Thanks for the debate! Pro believes we should have universal background checks on gun sales. I assume that Pro is referring to the U.S. National Instant Background Check system (NICS) mandated by the Brady Handgun Violence Prevention Act (Brady Law) of 1993.

I take the word Universal here to mean that any gun sold to a U.S. citizen should include a background check through the current NICS system.

I will be arguing that we should not have Universal background checks on gun sales through NICS.

Debate Round No. 1


sure thing. that was my opening argument. we should have seen yours from the get go too.


First I would like to make clear that this debate is not about removing guns from the population in general. It concerns itself with attempting to disallow further entry of guns into the population of those who we believe may commit crimes. I'm assuming my opponent agrees that gun ownership is a legitimate exercise of 2nd amendment rights. I would also assume that my opponents ultimate goal is not background checks, per se, but to reduce gun violence. If these statements are not true, then my opponent may clarify them in round 3.

My argument in this round will be based on three premises:

One, gun control is not politically palatable in the United States.
Two, feasible expansions of the scope of NICS will have negligible affect on getting guns out the hands of criminals.
Three, because of premise one, any proposed legislation will contain compromises that are unfavorable to gun control advocates.

These premises, taken together, have the result that any attempt to expand the scope of NICS will result in legislation that may undermine my opponents underlying goal, which is to reduce gun violence. The reason for this should be evident after thinking through how this would play out. Pro gun advocates will understand these premises, so they will take advantage of this by "giving in" to the NICS expansion in order relax gun control in other areas that ARE meaningful. The result of all this political juggling will simply be that politicians are provided with their election cycle "talking points" while little will change with gun violence. In fact, we may see an overall relaxing of gun control policy.

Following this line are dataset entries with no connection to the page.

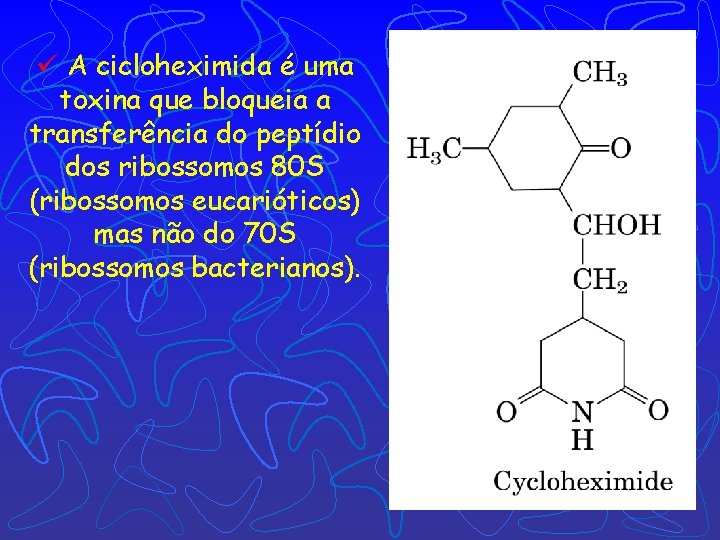 ü A cicloheximida é uma toxina que bloqueia a transferência do peptídio dos ribossomos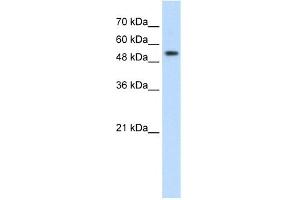Image no. 1 for anti-Pre-mRNA Processing Factor 19 (PRPF19) (Middle Region) antibody (ABIN2773819)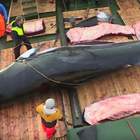 Il mondo si ferma per il virus, la Norvegia riprende la caccia alle balene: la denuncia delle associazioni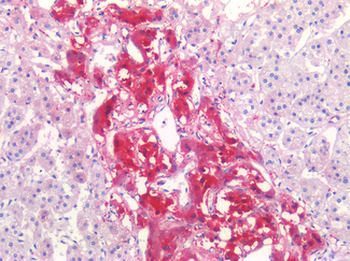 TUBB3/Tubulin Beta 3 Antibody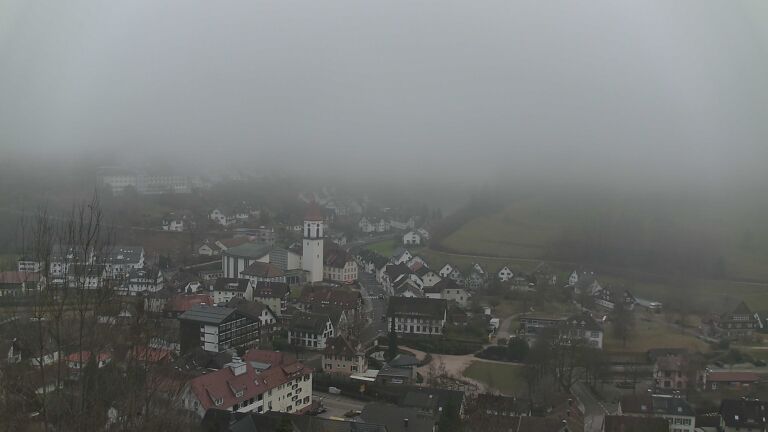 Dieses Bild zeigt eine Webcam-Aufnahme von Ottenhöfen, aufgenommen am Montag, den 02.02.2026 um 16:20 Uhr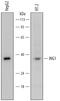 Inhibitor Of Growth Family Member 1 antibody, MAB5758, R&D Systems, Western Blot image 
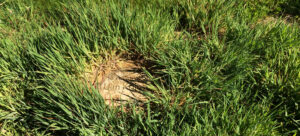 de boomschijf wordt opgenomen door de natuur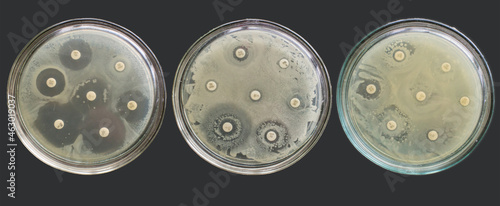 Antibiogram multiple drug resistance bacteria antimicrobial susceptibility tests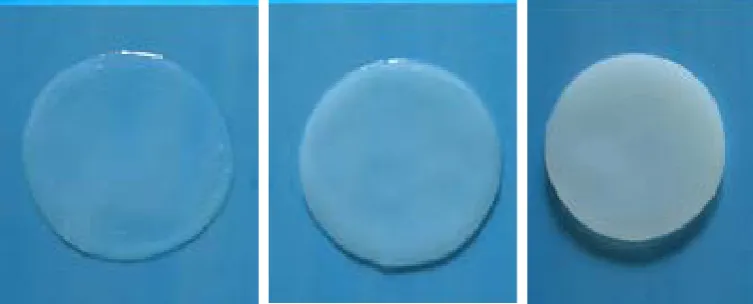 Figure 2. Bacterial cellulose 1, 7, 14 days (left to right), the thickness of bacterial cellulose depends on growth time
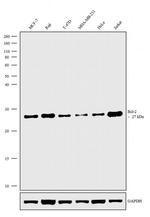 Bcl-2 Antibody in Western Blot (WB)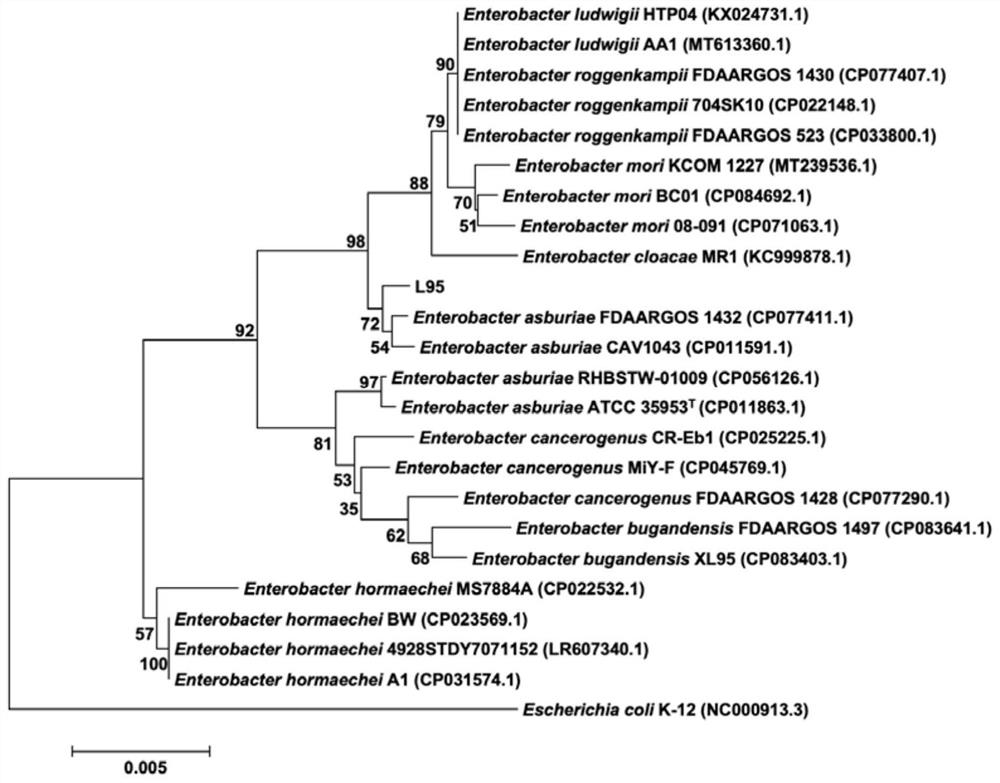 Enterobacter adamsii and application of enterobacter adamsii in prevention and treatment of plant bacterial soft rot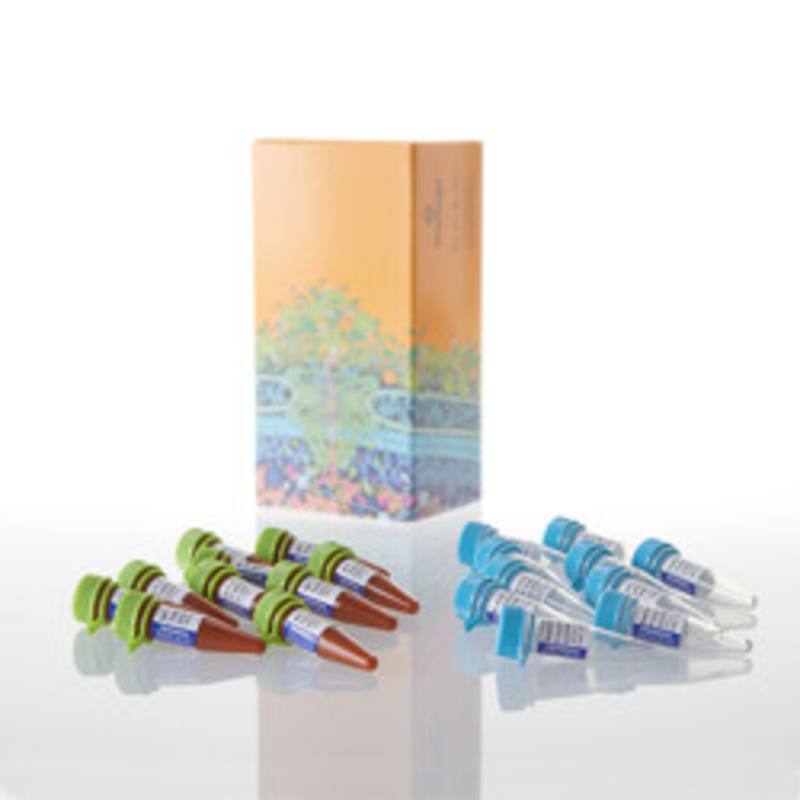 RealTime-Glo(TM) MT Cell Viability Assay, 10X100 RXN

If this seems like fantasy to you, it should not if you follow politics. In fact, I will provide a real world example. In 2013 Senator Joe Manchin III worked on a bill to expand NICS checks (1), which I will refer to later.

Now I will address my three premises one at a time.

First, gun control is not politically palatable.
For example, President Obama's attempts at gun control failed completely in the Senate in 2013:

"It was a stunning collapse for gun-control advocates just four months after the deaths of 20 children and six adults in Newtown led the president and many others to believe that the political climate on guns had been altered in their favor." (2)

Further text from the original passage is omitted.